→ TASK OBJECTIVE: What is wanted is every line below from the one with "Postkarte Bild einer" up to and including the one with "Vintage brass dolphin", retyped exactly, pictures excluded, nothing else.
[Opening EXERCISE INPUT section]
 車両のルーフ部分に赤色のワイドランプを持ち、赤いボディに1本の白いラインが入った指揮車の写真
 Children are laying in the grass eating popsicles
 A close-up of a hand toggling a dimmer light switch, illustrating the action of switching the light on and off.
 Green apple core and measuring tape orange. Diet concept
[Closing EXERCISE INPUT section]
[Opening EXERCISE INPUT section]
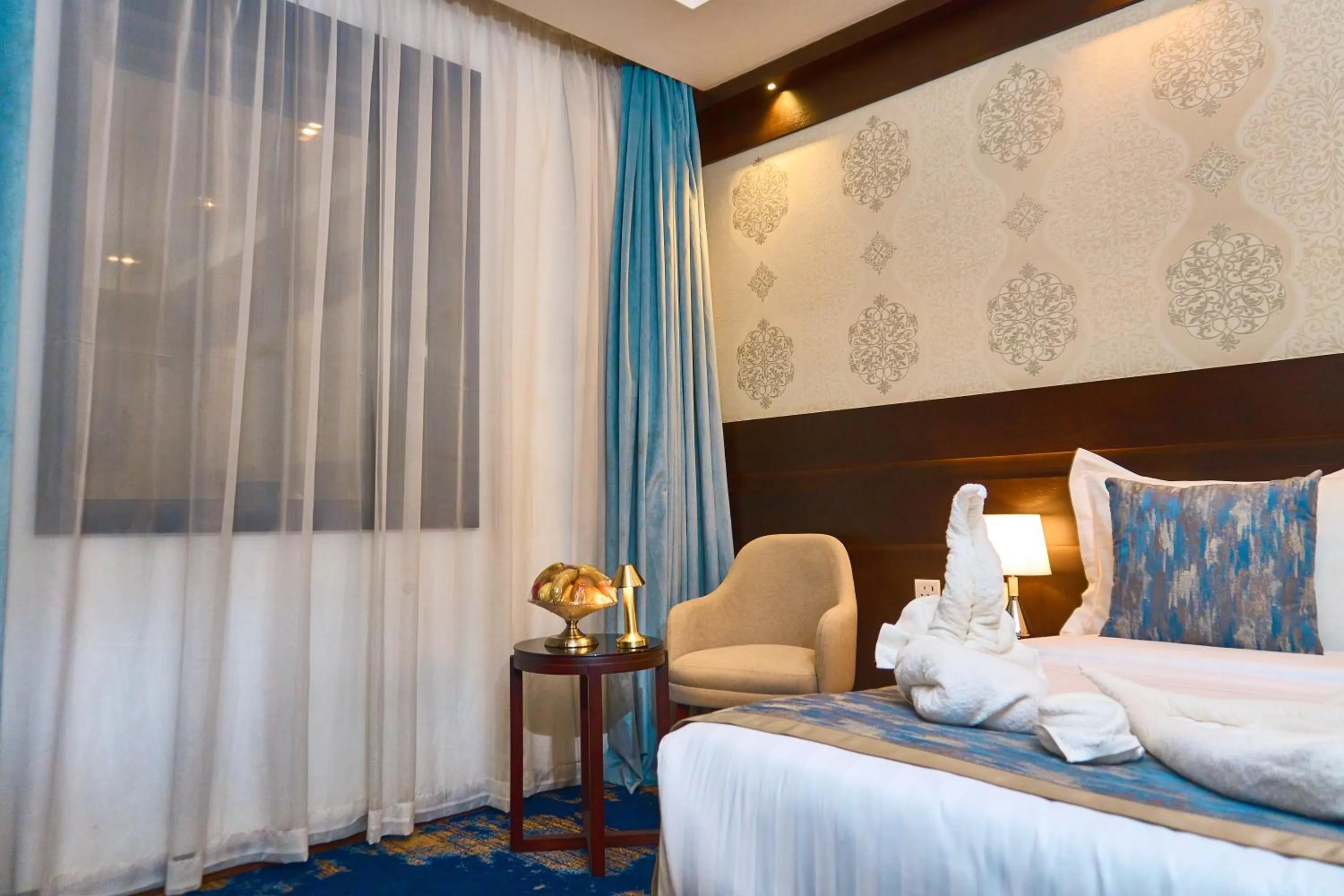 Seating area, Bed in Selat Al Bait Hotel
[Closing EXERCISE INPUT section]
[Opening EXERCISE INPUT section]
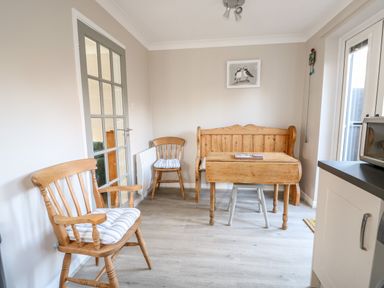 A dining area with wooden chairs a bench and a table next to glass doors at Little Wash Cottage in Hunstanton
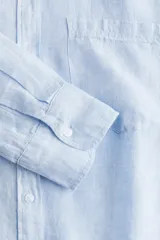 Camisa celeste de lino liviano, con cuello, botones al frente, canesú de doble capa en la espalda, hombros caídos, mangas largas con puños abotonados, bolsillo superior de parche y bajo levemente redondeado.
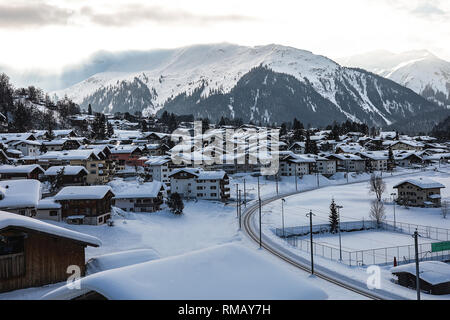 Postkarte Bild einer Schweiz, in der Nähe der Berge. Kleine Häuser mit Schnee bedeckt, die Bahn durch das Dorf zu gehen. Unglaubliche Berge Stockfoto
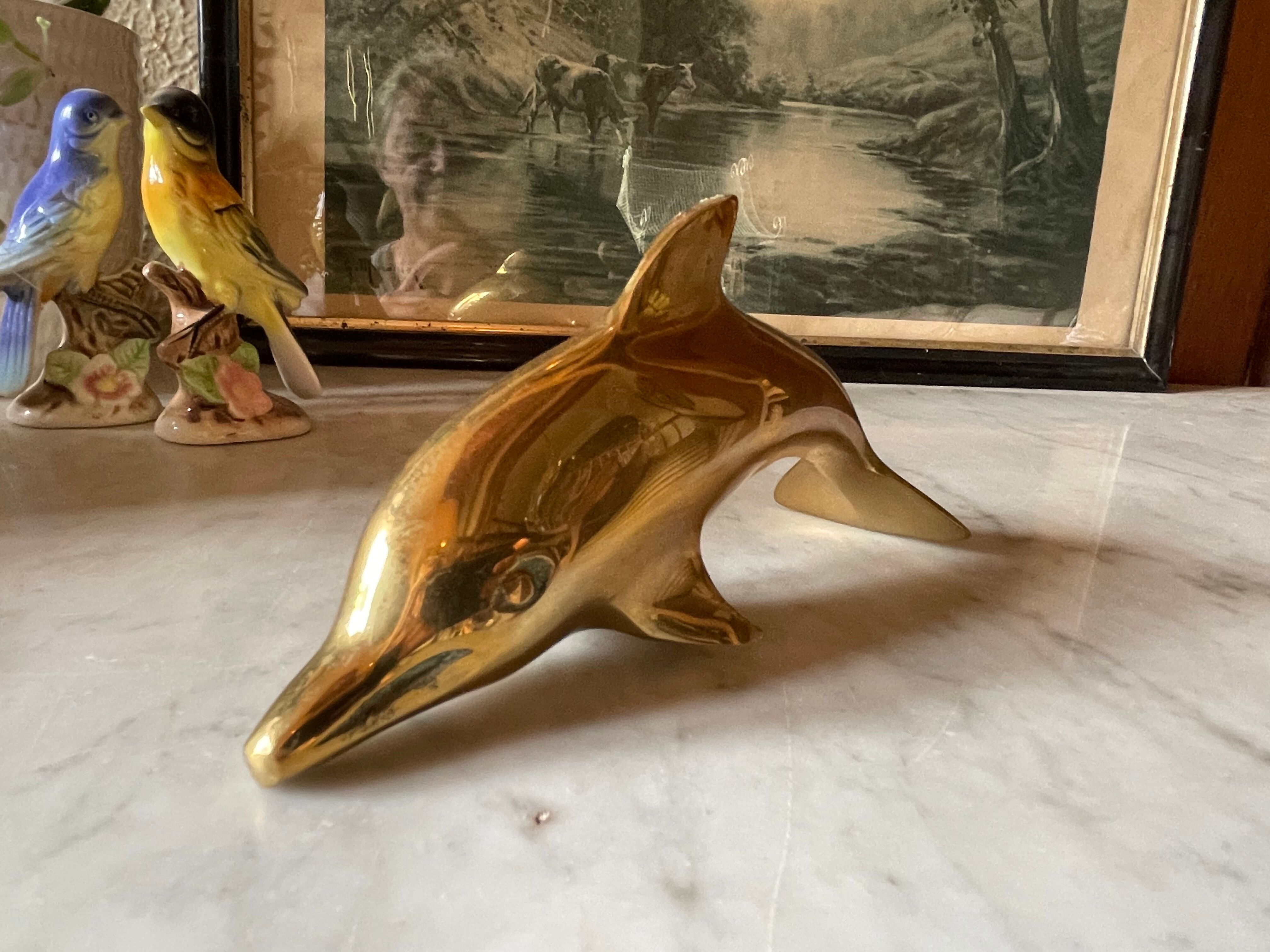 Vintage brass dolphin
[Closing EXERCISE INPUT section]
→ SOLUTION FOR THIS TASK:
 Postkarte Bild einer Schweiz, in der Nähe der Berge. Kleine Häuser mit Schnee bedeckt, die Bahn durch das Dorf zu gehen. Unglaubliche Berge Stockfoto
 Vintage brass dolphin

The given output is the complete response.